21 Regulations Every Business Should Know

10/09/2024

Stay informed and compliant with these 21 regulations.

You do a lot to keep your business relevant and important to your customers. And it takes a lot of effort to keep up with the times. Maybe you’re innovating your products and services, or finding the right audience to market to, or any number of other things. But one of the most important parts of keeping your business current isn’t actually about what you produce: it’s about following the business regulations that apply to you.

Of course, to have a business in the first place you need to be compliant with dozens of regulations. We aren’t telling you anything new here. But those laws change all the time and new ones are added often as well. And while you’re doing all of that innovating and growing, there’s a chance you could miss something key for your business.

That’s why we’re making it easy for you. We’ve put together a list of 15 business regulations your business needs to understand and comply with. Compliance is your responsibility, after all, so let’s get into it.

Compliance is your responsibility

Slow down for a second. What do we mean by, “compliance is your responsibility” exactly?  It’s a bit more than the obvious. 

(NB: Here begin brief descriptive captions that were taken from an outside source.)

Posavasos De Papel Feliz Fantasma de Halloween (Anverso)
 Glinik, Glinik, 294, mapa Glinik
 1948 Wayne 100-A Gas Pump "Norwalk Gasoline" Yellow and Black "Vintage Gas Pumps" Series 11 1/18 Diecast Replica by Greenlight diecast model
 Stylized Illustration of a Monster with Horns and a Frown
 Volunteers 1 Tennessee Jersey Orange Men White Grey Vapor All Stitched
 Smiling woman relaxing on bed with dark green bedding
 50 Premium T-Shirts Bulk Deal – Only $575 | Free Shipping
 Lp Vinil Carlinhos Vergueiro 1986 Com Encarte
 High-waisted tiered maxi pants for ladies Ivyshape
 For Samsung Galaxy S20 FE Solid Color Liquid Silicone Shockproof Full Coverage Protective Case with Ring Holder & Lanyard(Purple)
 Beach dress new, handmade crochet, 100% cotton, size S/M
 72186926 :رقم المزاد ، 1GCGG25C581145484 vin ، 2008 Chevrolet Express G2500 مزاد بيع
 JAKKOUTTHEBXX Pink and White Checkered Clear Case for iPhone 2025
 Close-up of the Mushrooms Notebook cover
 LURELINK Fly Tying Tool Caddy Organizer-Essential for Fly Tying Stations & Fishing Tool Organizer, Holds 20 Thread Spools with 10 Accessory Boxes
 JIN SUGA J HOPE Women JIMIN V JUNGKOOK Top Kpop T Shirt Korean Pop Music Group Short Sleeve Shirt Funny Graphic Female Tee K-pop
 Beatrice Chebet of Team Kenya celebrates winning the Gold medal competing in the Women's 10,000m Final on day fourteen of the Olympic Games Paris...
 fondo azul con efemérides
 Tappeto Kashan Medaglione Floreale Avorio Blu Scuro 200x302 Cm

Of course, you know that you need to make sure your business is compliant with the laws and regulations that govern your business and state. But you should also be aware of how the companies you work with handle their compliance, too. If, for example, you work with a supplier found to use unethical business practices like forced or child labor, it could be your business that pays the price.  Making sure you truly have an end-to-end compliance approach is key.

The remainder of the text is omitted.